Paul, with his obvious personal gifts, could have easily founded his own church based on his “mystical encounter” with Christ (Acts 9,1–9)—but he did not. Instead, he became part of the community of witnesses that confirmed and strengthened his experience. The same with Cornelius—the man who together with his household are addressed by Peter in the First Reading—the centurion who was devout and God-fearing and vision-seeing (Acts 10,1–18) but had to be taught of the Resurrection by Peter, the fisherman.
Some think and teach that the Resurrection of Jesus from the dead was spiritual and not physical: Jesus’ body rotted away somewhere; only, he came to life in the hearts and minds of his disciples!

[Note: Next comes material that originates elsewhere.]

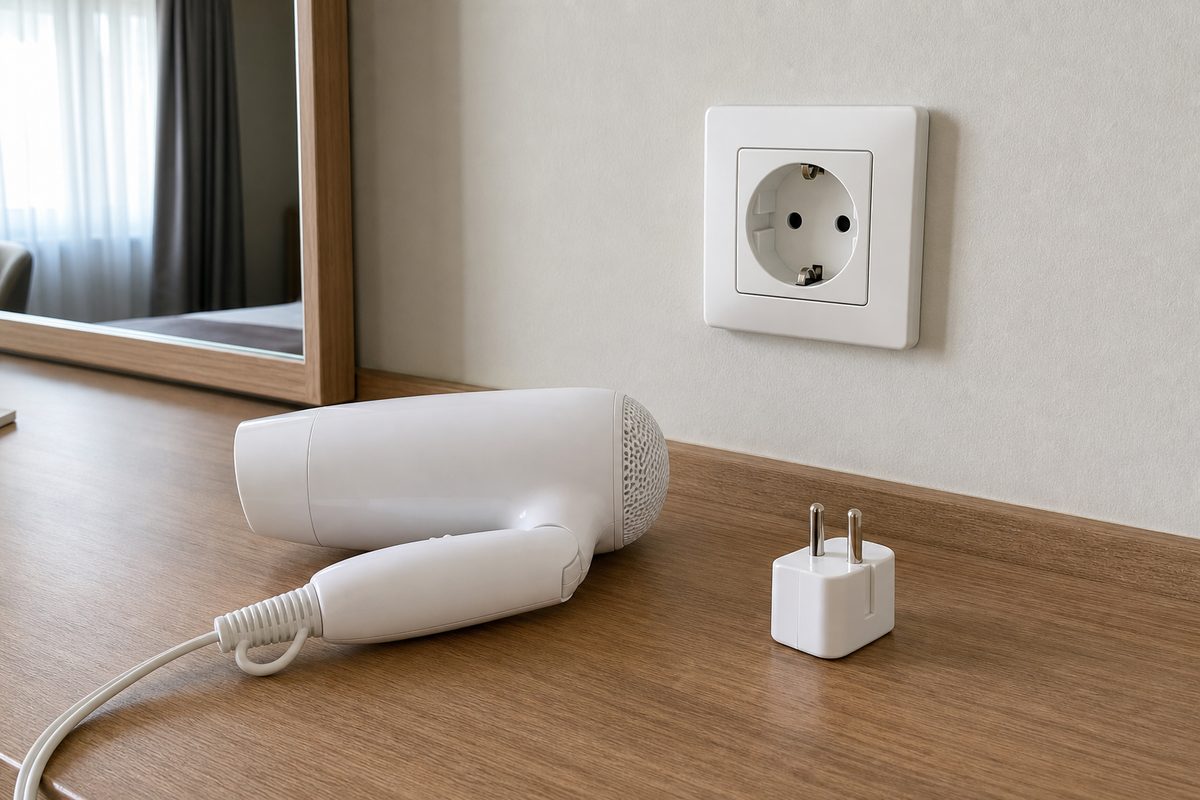 Hair dryer and plug adapter on a hotel desk below a European wall socket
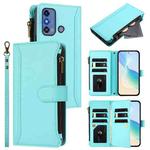 For ZTE Blade A53 Pro Magnetic Closure 9 Card Slots Zipper Leather Case with Hand Strap(Mint Green)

But if that was so there would have been no need for an extremely bright mystic like Paul to humbly submit himself to the Church to learn of the Resurrection, or, for a powerful centurion to listen to the Resurrection preaching of a lowly fisherman. Anyone could simply claim to have been inspired or to have seen a vision and established his/her church. But the Resurrection was specific and concrete: the time, the witnesses, the clothes, and most of all the Resurrected One—Jesus. The Church has testified to this specificity and concreteness from generation to generation.
The Resurrected Jesus “ate and drank” with the witnesses; he was as “concrete” and as “physical” as my friend who ate and drank with me the other day. But at the same time, there was something “spiritual” about Jesus and his Resurrection. And by spiritual we do not mean “invisible,” “mystical,” or “private and individual” but communal; for the Spirit is the “Lord of Communion.” The truth of the Resurrection hinges not on individuals, no matter how exemplary she/he may be the mystic Paul, the powerful Cornelius, or the bright Benedict—but on the Church, the Body of the Risen Christ by the power of the Holy Spirit.
Scientifically, the Resurrection cannot be proven; the report of the first witnesses was sketchy at best. But Peter, Mary Magdalene, Cornelius, Paul, Benedict XVI, Lon, Timmy, i.e., the entire Church has been confessing the truth of the Resurrection throughout the ages. Ultimately, faith in the Resurrection lives on not because it is scientifically founded or because it has been proven beyond reasonable doubt, but because the Resurrected One is alive and experienced in the specificity and concreteness of his Body, the Church. The community who “seek what is above, where Christ is seated at the right hand of God” (Second reading) is not a utopian dream, but are you and me—us, right here, right now. We, the Church is the Body of the Resurrected One.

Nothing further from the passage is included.